Polícia britânica mentiu na tragédia de Hillsborough
por A-24, em 14.09.12
Desde Maio de 1985 que os adeptos do Liverpool carregavam o estigma de serem os “rostos” do hooliganismo. Quatro anos depois do Heysel, Hillsborough apenas reforçou essa convicção. Descobriu-se agora, graças ao trabalho de uma comissão independente de investigação, que esta última “sentença” é falsa: as 96 mortes no estádio de Sheffield podem ser imputadas ao mau trabalho da polícia e serviços de emergência médica britânicos.
Mas há mais. As autoridades não só foram incompetentes nesse dia como agiram deliberada e sistematicamente nos tempos que se seguiram para camuflar a sua responsabilidade na tragédia – a polícia fez todos os esforços para passar a ideia de que os adeptos do Liverpool que invadiram a bancada estavam alcoolizados e eram violentos. Mentira.

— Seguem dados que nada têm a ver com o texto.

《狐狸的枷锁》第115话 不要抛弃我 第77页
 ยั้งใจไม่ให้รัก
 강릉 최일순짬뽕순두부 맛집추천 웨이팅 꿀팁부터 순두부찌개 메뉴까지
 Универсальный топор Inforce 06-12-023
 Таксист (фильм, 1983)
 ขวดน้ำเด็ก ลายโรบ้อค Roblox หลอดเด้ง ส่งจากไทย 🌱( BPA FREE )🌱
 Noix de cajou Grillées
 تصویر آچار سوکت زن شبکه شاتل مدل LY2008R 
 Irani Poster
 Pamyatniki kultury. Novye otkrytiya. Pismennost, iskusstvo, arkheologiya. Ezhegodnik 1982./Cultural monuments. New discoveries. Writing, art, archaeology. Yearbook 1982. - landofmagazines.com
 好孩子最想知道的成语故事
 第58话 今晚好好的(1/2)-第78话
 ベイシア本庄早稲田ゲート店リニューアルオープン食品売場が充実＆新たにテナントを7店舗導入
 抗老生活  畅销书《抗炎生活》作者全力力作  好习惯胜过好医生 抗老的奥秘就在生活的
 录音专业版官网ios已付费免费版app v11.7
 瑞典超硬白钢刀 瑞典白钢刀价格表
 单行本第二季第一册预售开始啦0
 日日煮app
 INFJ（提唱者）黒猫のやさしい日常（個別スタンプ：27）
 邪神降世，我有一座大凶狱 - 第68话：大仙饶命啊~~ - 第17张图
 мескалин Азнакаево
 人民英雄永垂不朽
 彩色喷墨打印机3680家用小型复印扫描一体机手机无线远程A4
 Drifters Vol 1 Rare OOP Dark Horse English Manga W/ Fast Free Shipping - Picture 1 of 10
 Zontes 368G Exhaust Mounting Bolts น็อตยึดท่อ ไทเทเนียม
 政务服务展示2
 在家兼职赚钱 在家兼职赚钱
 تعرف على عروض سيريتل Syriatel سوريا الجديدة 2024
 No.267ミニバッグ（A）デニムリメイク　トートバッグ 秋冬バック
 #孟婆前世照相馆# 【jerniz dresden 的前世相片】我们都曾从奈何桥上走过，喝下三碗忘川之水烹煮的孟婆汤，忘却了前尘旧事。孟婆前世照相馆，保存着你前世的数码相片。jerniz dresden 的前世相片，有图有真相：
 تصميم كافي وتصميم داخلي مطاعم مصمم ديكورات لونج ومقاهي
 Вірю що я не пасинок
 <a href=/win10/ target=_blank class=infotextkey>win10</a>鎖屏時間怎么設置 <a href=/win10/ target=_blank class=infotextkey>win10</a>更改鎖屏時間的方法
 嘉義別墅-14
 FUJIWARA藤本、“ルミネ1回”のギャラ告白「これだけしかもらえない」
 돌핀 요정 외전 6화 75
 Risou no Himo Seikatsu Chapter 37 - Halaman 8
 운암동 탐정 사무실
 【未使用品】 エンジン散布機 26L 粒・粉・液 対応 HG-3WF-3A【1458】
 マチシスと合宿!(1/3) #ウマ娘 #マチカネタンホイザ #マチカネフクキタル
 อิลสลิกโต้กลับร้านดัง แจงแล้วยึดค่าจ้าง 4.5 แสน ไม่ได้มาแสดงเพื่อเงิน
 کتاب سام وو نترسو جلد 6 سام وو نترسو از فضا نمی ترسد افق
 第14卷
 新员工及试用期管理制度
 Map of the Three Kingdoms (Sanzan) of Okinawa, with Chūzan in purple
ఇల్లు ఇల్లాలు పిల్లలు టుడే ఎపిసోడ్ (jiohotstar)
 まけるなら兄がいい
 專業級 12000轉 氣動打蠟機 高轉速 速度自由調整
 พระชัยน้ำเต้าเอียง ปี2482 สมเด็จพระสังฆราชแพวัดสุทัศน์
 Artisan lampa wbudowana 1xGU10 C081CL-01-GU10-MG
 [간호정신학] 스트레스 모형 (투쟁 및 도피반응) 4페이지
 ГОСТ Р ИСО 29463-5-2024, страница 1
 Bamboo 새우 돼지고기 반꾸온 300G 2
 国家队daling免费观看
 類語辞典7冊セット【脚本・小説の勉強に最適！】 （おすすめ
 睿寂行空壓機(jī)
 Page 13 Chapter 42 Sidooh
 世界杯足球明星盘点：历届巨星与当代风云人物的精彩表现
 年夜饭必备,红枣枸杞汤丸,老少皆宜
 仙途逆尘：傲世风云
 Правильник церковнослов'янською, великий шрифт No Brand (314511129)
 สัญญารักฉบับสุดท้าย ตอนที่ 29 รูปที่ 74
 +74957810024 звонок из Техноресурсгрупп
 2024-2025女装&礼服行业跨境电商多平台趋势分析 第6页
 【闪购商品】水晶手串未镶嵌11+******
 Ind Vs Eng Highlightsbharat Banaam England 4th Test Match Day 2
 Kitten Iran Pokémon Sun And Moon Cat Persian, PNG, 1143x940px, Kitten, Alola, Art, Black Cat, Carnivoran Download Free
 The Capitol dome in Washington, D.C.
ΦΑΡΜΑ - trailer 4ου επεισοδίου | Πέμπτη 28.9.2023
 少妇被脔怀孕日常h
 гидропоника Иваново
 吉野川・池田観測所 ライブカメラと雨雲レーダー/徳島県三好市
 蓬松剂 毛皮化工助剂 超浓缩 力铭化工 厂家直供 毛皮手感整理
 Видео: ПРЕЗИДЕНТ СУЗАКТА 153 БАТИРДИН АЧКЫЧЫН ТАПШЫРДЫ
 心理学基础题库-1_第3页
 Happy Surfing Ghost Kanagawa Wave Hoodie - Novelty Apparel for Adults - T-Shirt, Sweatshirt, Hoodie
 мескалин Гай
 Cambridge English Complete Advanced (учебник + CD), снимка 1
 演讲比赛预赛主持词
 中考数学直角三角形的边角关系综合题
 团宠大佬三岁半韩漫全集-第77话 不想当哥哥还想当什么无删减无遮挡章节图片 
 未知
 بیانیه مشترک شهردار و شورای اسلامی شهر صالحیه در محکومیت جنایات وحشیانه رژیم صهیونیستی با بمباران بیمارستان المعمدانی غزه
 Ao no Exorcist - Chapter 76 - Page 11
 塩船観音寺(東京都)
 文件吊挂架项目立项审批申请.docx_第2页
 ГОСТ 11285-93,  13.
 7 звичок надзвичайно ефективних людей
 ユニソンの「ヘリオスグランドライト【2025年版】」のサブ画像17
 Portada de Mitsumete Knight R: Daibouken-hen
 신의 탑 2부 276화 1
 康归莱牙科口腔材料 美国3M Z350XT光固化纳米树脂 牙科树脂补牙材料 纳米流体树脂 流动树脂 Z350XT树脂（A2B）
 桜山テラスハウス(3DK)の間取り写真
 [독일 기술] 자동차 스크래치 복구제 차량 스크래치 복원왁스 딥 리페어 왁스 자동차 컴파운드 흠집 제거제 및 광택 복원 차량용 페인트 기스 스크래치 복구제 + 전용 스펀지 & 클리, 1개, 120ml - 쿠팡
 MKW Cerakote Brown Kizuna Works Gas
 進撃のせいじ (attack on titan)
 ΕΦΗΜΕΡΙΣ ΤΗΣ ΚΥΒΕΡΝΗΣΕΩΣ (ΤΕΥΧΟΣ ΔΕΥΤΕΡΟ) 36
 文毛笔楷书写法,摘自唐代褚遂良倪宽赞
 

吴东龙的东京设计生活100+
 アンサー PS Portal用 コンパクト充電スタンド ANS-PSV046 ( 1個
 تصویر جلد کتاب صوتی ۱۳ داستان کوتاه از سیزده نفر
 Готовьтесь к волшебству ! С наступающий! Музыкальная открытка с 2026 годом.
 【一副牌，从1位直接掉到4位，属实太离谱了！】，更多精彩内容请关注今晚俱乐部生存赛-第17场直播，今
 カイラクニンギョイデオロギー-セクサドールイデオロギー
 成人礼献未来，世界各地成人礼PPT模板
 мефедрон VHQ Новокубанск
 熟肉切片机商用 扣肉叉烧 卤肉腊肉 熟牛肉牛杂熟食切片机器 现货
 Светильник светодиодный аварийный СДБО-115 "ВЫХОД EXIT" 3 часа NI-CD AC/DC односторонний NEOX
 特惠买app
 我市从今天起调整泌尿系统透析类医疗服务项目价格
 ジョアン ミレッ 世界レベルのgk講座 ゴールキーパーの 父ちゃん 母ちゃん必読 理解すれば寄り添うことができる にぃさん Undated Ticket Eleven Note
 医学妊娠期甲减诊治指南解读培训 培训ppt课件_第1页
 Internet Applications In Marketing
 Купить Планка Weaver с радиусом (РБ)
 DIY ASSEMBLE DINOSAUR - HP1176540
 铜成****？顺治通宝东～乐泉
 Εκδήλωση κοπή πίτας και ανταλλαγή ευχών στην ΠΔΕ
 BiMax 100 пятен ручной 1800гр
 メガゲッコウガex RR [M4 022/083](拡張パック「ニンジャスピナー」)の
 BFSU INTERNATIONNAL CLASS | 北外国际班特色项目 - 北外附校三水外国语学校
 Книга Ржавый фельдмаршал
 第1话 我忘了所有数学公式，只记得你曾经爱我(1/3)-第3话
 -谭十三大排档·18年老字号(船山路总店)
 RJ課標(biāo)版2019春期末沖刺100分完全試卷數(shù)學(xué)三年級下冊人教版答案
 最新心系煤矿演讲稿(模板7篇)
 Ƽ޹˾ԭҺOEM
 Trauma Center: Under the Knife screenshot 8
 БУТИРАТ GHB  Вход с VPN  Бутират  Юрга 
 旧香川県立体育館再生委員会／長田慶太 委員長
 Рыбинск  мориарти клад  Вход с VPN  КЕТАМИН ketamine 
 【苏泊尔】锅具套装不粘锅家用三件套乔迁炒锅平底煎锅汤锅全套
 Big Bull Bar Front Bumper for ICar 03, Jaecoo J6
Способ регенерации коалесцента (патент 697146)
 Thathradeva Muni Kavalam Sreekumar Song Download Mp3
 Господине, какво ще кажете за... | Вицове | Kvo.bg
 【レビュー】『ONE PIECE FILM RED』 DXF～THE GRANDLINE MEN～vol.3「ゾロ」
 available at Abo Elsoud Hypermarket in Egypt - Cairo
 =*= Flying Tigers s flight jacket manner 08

O próprio primeiro-ministro britânico, David Cameron, já assumiu a “dupla injustiça” sofrida pelos adeptos do Liverpool: não só foram vítimas da incompetência das autoridades, como depois foram alvo da “indignidade” de serem caluniados e apontados como responsáveis pelas 96 mortes registadas nesse dia. Na sequência das conclusões da comissão de inquérito, liderada pelo reverendo James Jones, bispo de Liverpool, o Governo britânico apresentou “profundas desculpas” públicas.
Em Bruxelas, no velhinho estádio do Heysel, o comportamento violento dos adeptos do Liverpool esteve claramente na origem dos incidentes que causaram 39 mortes (33 deles adeptos da Juventus) minutos antes do início da final da Taça dos Campeões Europeus de futebol. As imagens chocantes de pessoas esmagadas contra as vedações por uma multidão em pânico repetiram-se quatro anos depois, em Sheffield. E os adeptos do Liverpool estavam novamente em cena...
Só que, para além do estado degradado de ambos os estádios, não há outros pontos de contacto entre estas duas histórias. Desta vez, após prolongada espera, os adeptos do Liverpool entraram no estádio de Hillsborough, para sectores já com lotação esgotada, porque os responsáveis lhes abriram as portas. O jogo estava prestes a começar e os adeptos correram para os lugares que, afinal, já estavam ocupados. O pânico fez o resto.
Na altura, não foi difícil apontar o dedo ao hooliganismo, em geral, e aos adeptos do Liverpool, em particular. Mas a análise de 450.000 páginas de documentos até aqui mantidas longe dos olhos do público conta uma história bem diferente. E preocupante: entre os depoimentos recolhidos pela polícia de South Yourkshire, 164 foram “significativamente alterados” (116 foram mesmo manipulados para remover comentários negativos acerca da actuação da polícia). Entre as 96 vítimas, quase metade (41) poderiam ter sido salvas se os serviços de emergência médica tivessem sido mais rápidos a actuar. Todas foram declaradas mortas às 15h15, pouco mais de 15 minutos após os primeiros sinais de esmagamento.